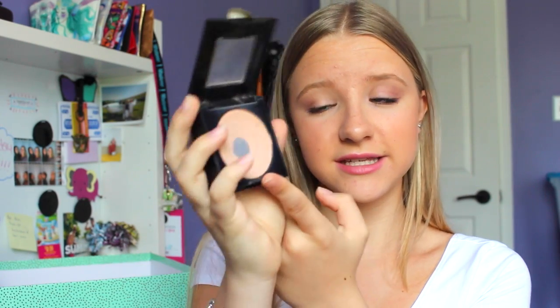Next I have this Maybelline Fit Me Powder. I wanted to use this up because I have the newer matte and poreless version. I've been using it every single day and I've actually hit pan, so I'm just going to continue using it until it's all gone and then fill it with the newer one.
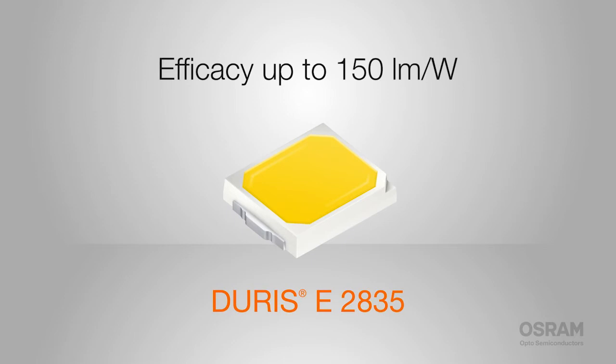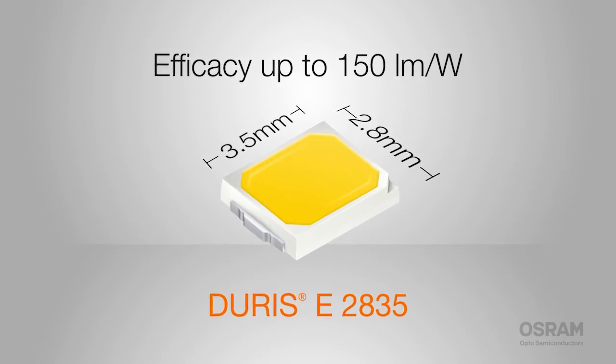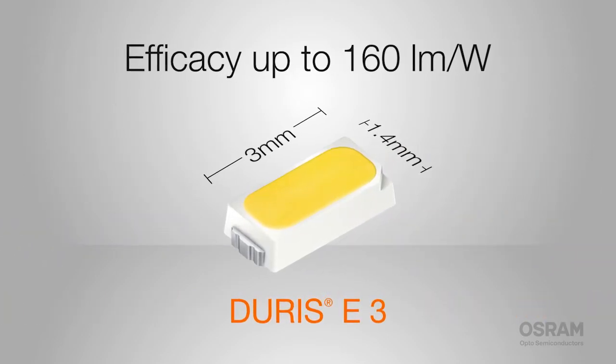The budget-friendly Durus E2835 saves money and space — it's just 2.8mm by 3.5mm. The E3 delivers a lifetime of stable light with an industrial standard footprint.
####################
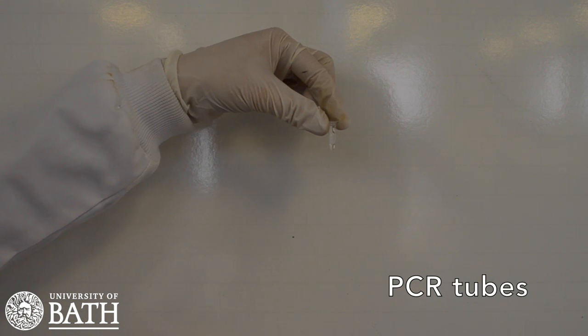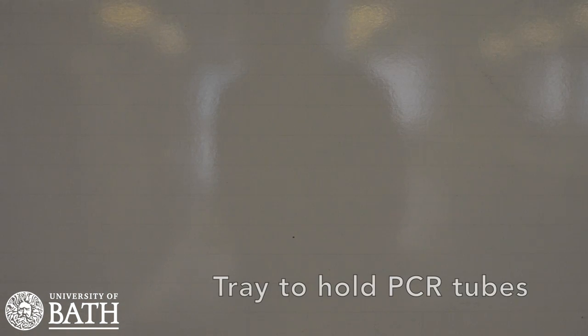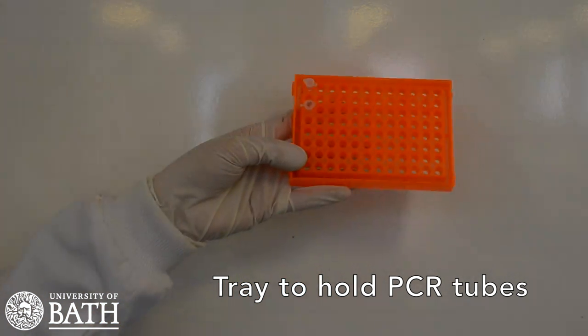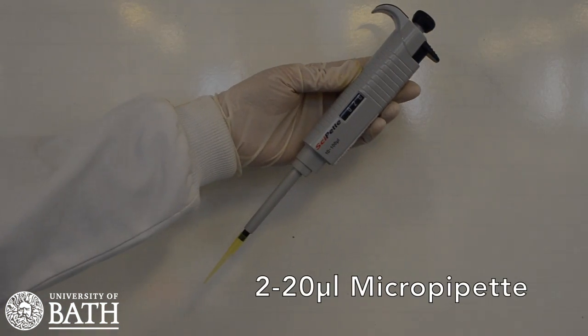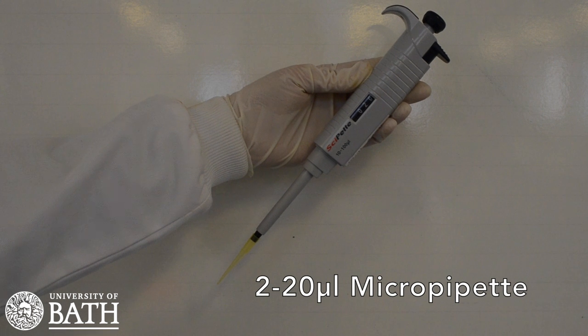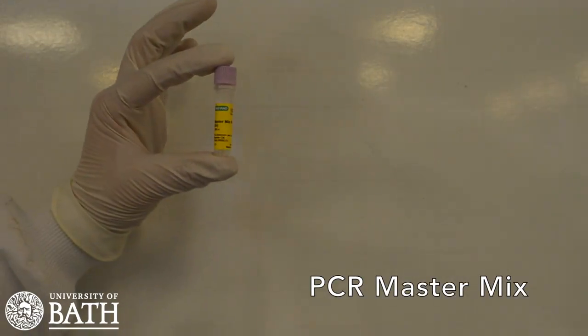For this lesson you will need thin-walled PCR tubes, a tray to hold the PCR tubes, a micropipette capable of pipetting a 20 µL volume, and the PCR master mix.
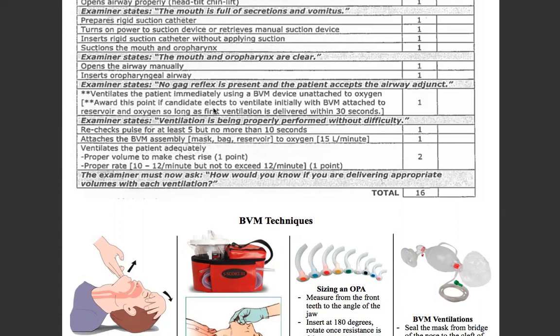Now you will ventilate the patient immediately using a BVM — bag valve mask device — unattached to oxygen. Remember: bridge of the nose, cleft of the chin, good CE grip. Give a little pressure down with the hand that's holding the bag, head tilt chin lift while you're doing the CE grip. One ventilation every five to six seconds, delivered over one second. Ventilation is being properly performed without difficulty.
####################
WHAT IS REQUIRED
An exact transcription is needed of the lines from the one with "Next I have" to the one with "The budget-friendly Durus" above, both ends included, with pictures left out.

TASK ANSWER
Next I have this Maybelline Fit Me Powder. I wanted to use this up because I have the newer matte and poreless version. I've been using it every single day and I've actually hit pan, so I'm just going to continue using it until it's all gone and then fill it with the newer one.
The budget-friendly Durus E2835 saves money and space — it's just 2.8mm by 3.5mm. The E3 delivers a lifetime of stable light with an industrial standard footprint.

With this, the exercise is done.